***** DATASET RECORDS *****

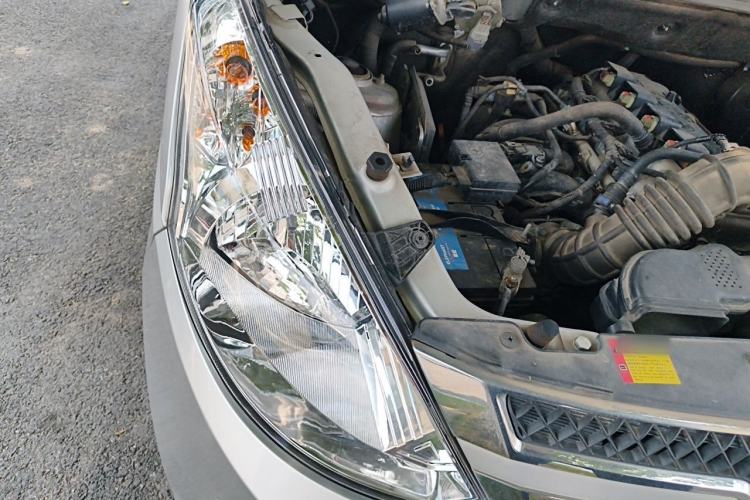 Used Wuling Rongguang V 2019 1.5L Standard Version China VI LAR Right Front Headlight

*****
***** DATASET RECORDS *****

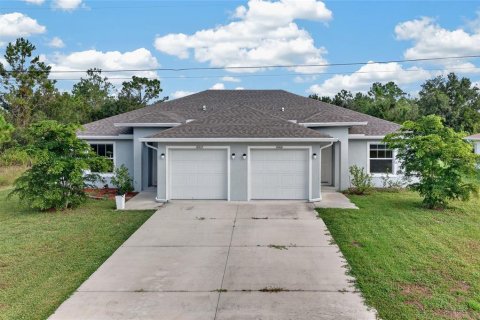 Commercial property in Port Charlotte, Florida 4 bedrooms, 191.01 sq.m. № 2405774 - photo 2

*****
***** DATASET RECORDS *****

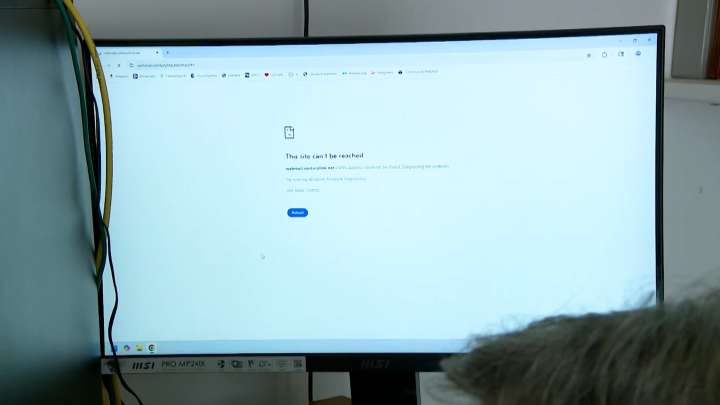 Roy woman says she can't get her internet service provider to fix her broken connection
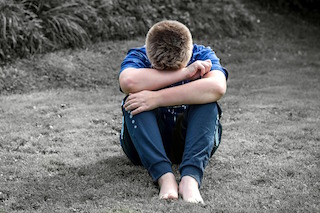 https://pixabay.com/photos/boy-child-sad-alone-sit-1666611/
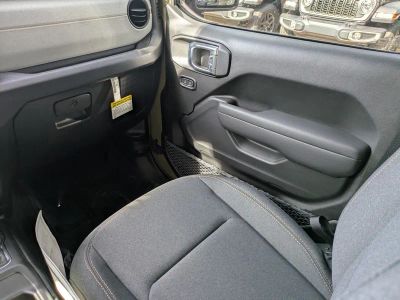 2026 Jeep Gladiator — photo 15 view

*****

• REQUIREMENT
Leaving out the pictures, please output the lines in the entries above from the one with "https://pixabay.com/photos/boy-child-sad-alone-sit-1666611/" through the one with "2026 Jeep Gladiator — photo 15 view", exactly as they are.

• ANSWER TO THE EXERCISE
 https://pixabay.com/photos/boy-child-sad-alone-sit-1666611/
 2026 Jeep Gladiator — photo 15 view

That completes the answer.